Data records:
══════════
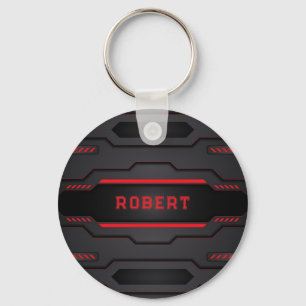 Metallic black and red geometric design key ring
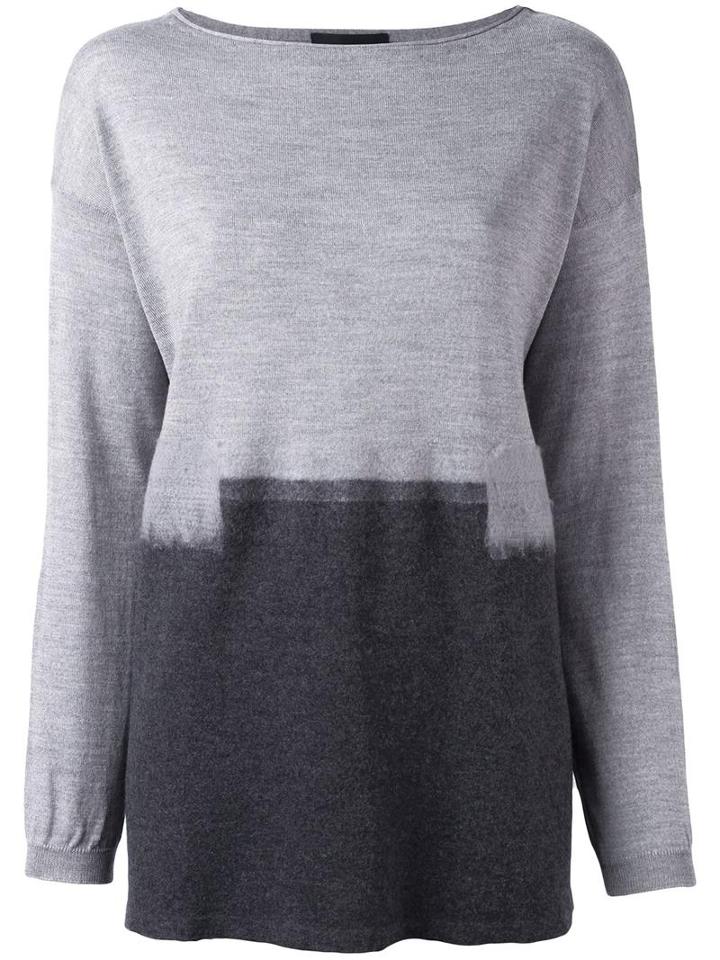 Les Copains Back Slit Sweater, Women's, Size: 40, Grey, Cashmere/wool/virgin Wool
══════════
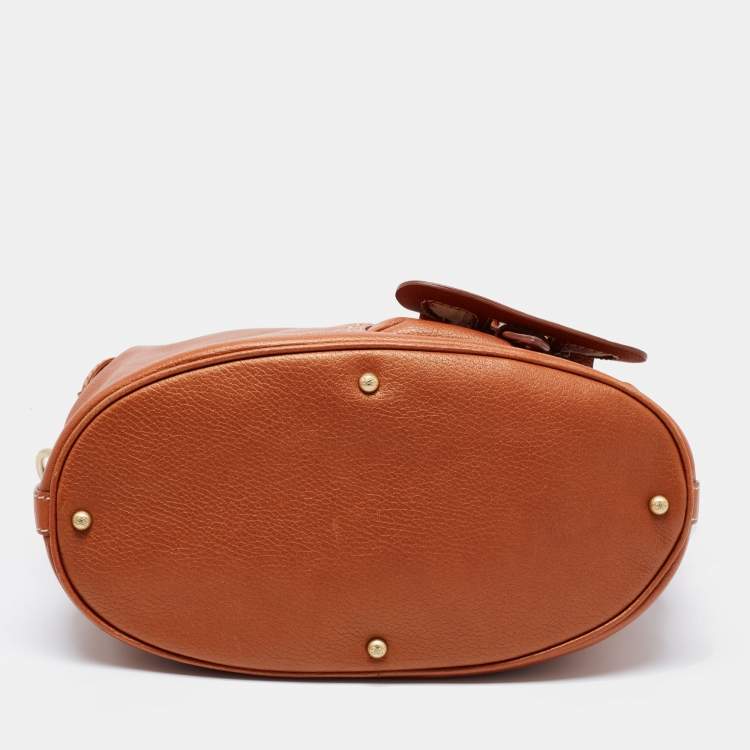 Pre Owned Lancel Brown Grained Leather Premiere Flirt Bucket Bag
══════════
Work to complete: When you reach the line with "Metallic black and" in the records above, begin repeating the lines exactly, and stop after the line with "Les Copains Back". Skip all pictures.

Response below:
 Metallic black and red geometric design key ring
 Les Copains Back Slit Sweater, Women's, Size: 40, Grey, Cashmere/wool/virgin Wool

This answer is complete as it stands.